The industry was on the defensive after a series of federal investigations portrayed it as rife with abuse. They found that recruiters would lure students -- often members of minorities, veterans, the homeless and low-income people -- with promises of quick degrees and post-graduation jobs but often leave them poorly prepared and burdened with staggering federal loans.
In response to the rising concerns, 18 months ago the Obama administration proposed its tough restrictions linking tens of billions of dollars in federal student aid to formulas measuring students' debt levels and income after graduation. Colleges whose students were not earning enough money to start paying back their loans would be in danger of losing federal aid altogether.
The proposal was aimed at ensuring that the for-profit schools were providing "gainful employment" in a wide range of vocational fields they taught, like medical testing, massage therapy, business management and cosmetology.
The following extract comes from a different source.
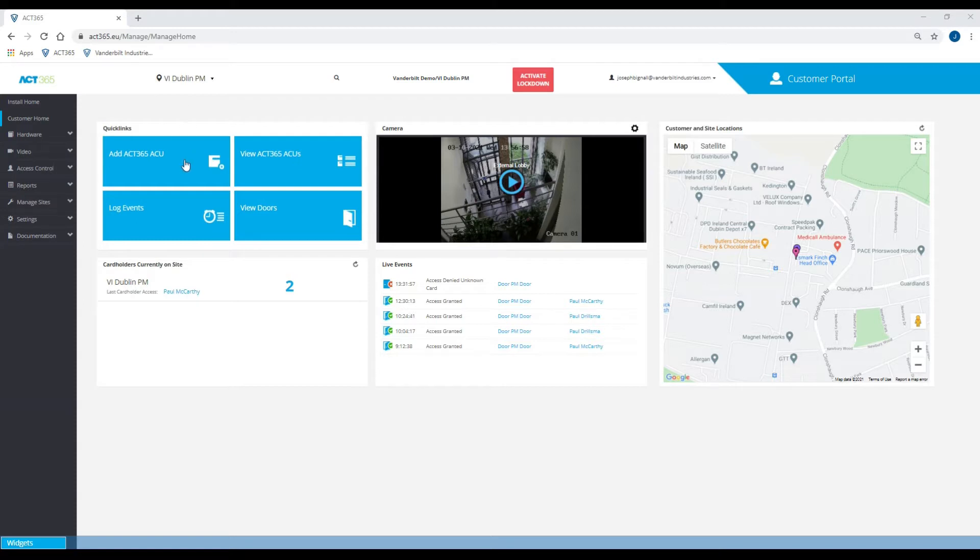From the home page of the customer portal, I'm just going to go to quick links and add ACT 365 ACU.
The joke in Washington, however, was that the industry effort to defeat the plan mainly ensured "gainful employment" for the capital's Democratic lobbyists and political consultants.
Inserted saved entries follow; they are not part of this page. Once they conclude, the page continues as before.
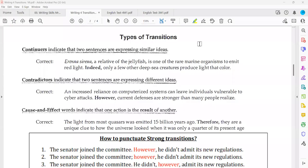Today we're talking about transitions. There are three types of transitions. Before explaining the types, you should know that transitions are words or phrases used to express relationships — here we have a relationship between two ideas.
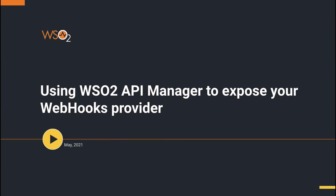Hello, I'm Chanika Giganagi, Associate Technical Lead at WSO2. Welcome to this screencast on using WSO2 API Manager to expose your webhooks provider.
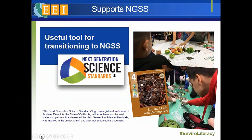Even though EEI was written for the 1998 science standards before NGSS came along, many teachers are finding it useful for their transition to NGSS. We don't want to mislead anyone that using EEI means teaching NGSS, but there are correlation guides on the EEI website showing connections to NGSS. It can be used as a good transitional tool, and teachers can harvest EEI resources — readings, visual aids, maps — for creating their own NGSS lessons, applying science and engineering practices and cross-cutting concepts like cause and effect.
The final standards leave a maximum of 5 percent of schools facing financial sanctions at the start; the original plan would have meant penalties against an estimated 16 percent.
The rules also pushed back the penalties to 2015 from 2012, while requiring schools to disclose more data about loans, defaults and job placement.
Schools also questioned the motives of a key witness at Mr. Harkin's hearings, the noted hedge-fund trader Steve Eisman, who blasted the colleges' sky-high profit margins and likened them to subprime mortgage lenders. After Mr. Eisman acknowledged he held financial positions in the industry, the colleges charged that he stood to make millions by battering their reputations and short-selling their stocks.